All of that is easier said than done. A number of factors helped Middleton place her book, Spineless: Portraits of Marine Invertebrates, the Backbone of Life, with Abrams and create a package that could appeal to a wide range of viewers. Her esthetic approach of isolating the odd, beautiful and lesser-known animals on seamless backgrounds appealed to Eric Himmel, her editor at Abrams. “You see that [Susan is] photographing animals that are unusual, and she’s doing it in a way that’s very difficult.”

Middleton consciously “rides the line between art and science,” in her work, she explains, attracting people through esthetics and then engaging them in the content of her images. “I’m fundamentally an artist, but I attach myself to scientists to guide what I do. I think Eric has always appreciated that sweet spot between art and science.”

Himmel says the science and nature category is “a little bit underserved” by publishers. “I don’t think [they] take it as seriously as they should.” With a greater portion of the public interested in conservation and the environment, Himmel recognizes the market for books that look in a unique way at the natural world. “Work in [science and nature] is really being done on a very high level now because of interest, because of technology; I think an urgent sense that the world is going to hell plays a role,” he explains. Artists like Middleton and Tim Flach, another Abrams author, are “operating on a pretty high level of thought,” he says, and their work “[is] an attempt to do something new, an attempt to incorporate some esthetic values that are not simply from the realm of traditional nature photography.”

Middleton submitted her proposal in 2012, after six years working sporadically on the series and thinking about how to shape it. She’d co-authored a previous book with Abrams and that contract gave them first refusal rights for her next book, but she says she prepared her proposal the same way she would have for any publisher. The most important piece was a set of 50 5 x 7-inch prints “that I felt were really strong and that represented the diversity that I intended for the book to contain,” she says. “My feeling was I wanted it to be a nice little package where the prints were big enough to be able to convey the work, but small enough that they could go in somebody’s briefcase or be shuffled like a big deck of cards on a conference table.”

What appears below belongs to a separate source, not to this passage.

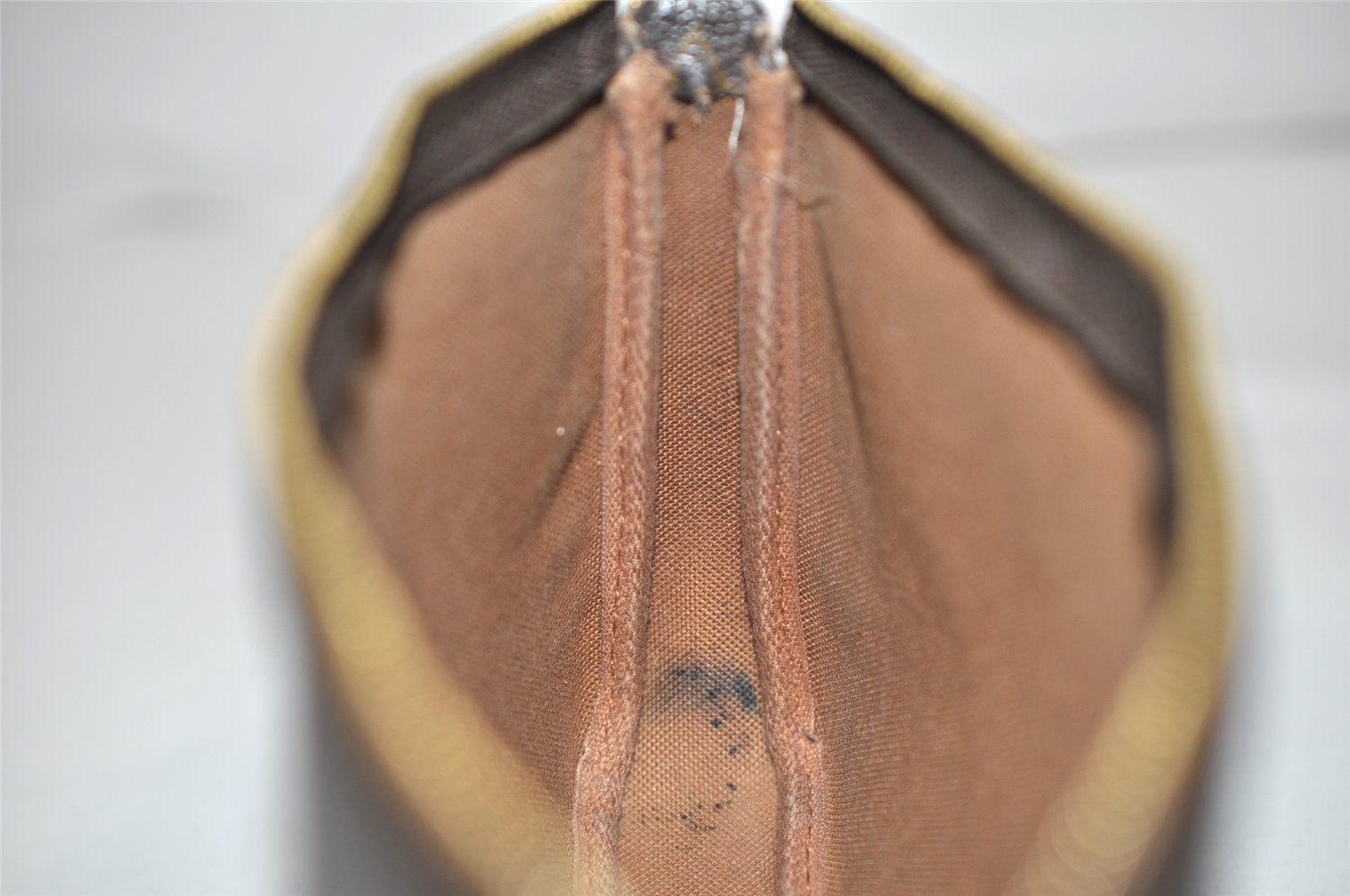 Authentic Louis Vuitton Monogram Pochette Accessoires Shoulder Cross Pouch 4667K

She also included a CV and “several pages of how I envisioned the book.” Having spent years “eavesdropping on really intensive marine invertebrate classes” on research vessels and at the University of Washington’s marine laboratory on San Juan Island, Middleton wanted to write the text herself and had ideas about how the book could be chaptered. She also envisioned a page count and trim size. “That’s not saying that’s what’s going to end up happening,” she counsels, “and in fact in my case the page count and trim size increased once we actually got down to the final production decisions, but I did have an idea of how I thought the book could be and I expressed that.”

Himmel says he’s seen proposals of all shapes and sizes in his 35 years as an editor, and he “doesn’t have a prescriptive format.” But, he adds, “a good proposal should be clear and lucid about the purpose of the book and its main focus, and convey the writer’s understanding or belief of why people would be interested.” Photographers should include “a reasonable amount of visual material.” He doesn’t want to see finished layouts unless they’re done professionally. “We work with good book designers and we have a lot of experience making books, so when faced with images and text, we can imagine what a book could look like,” he says.

The author’s name recognition, exhibition and/or publication histories, and marketing hooks are all important. “We need to get some sense not just of what the material is, but who the person presenting it is,” he says.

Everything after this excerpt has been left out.